▶ REQUIREMENT
Starting at the line that contains "Picture of BETA" and stopping after the line that contains "2003 Chevrolet Tahoe K1500", transcribe the listing below exactly; do not include any pictures.

▶ DATA FOR ANALYSIS
——————

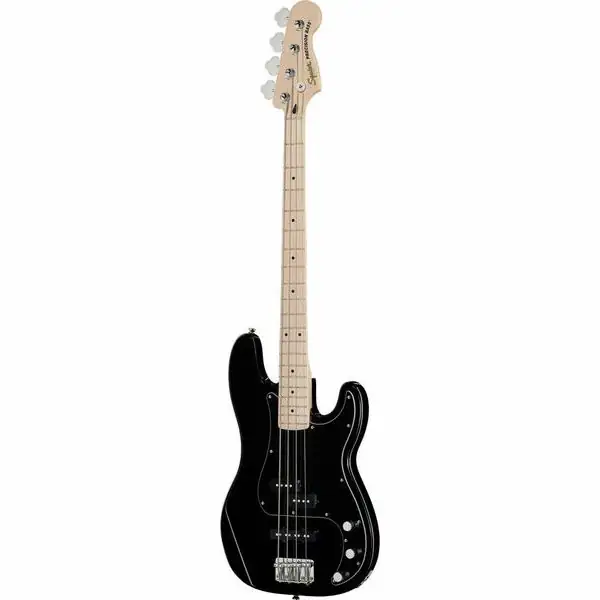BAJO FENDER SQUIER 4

——————

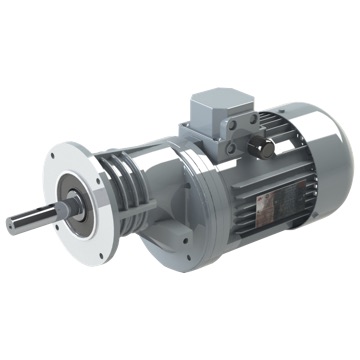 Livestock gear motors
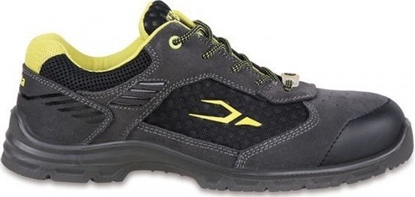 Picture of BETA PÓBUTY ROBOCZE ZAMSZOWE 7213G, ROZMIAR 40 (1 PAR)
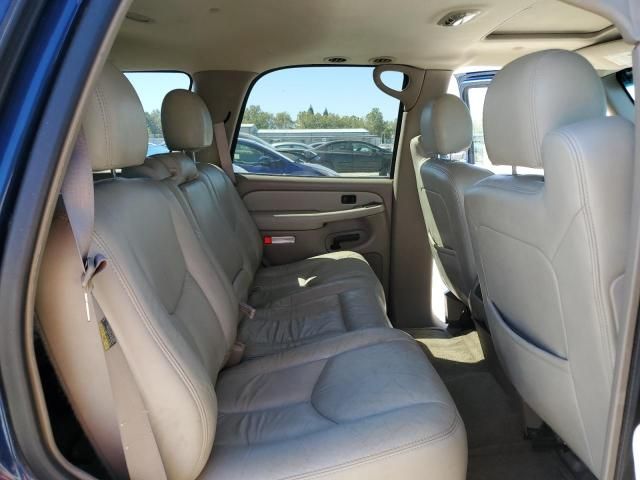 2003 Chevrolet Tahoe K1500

——————

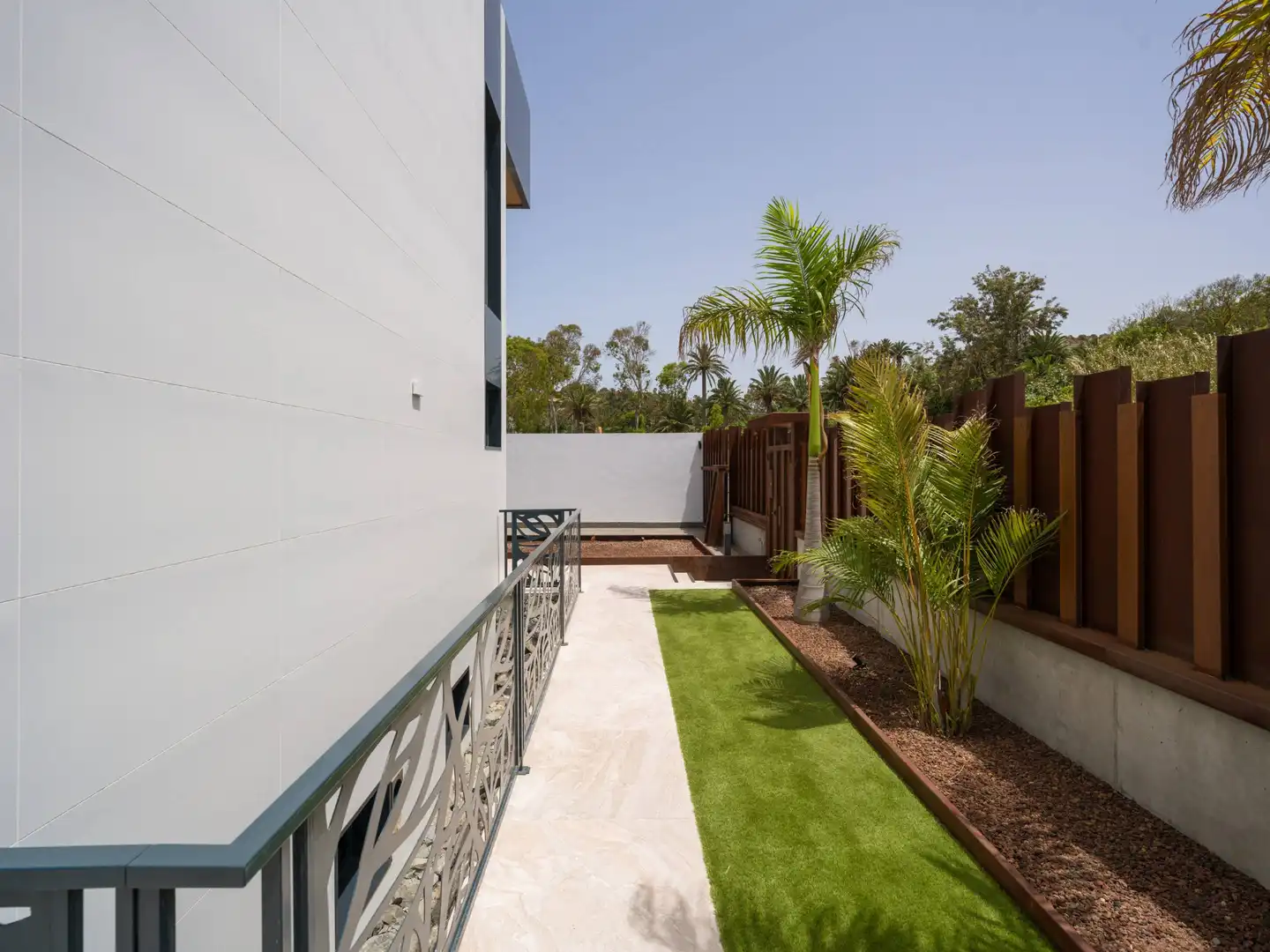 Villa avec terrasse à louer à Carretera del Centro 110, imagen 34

——————

▶ SOLUTION TO THE EXERCISE
 Picture of BETA PÓBUTY ROBOCZE ZAMSZOWE 7213G, ROZMIAR 40 (1 PAR)
 2003 Chevrolet Tahoe K1500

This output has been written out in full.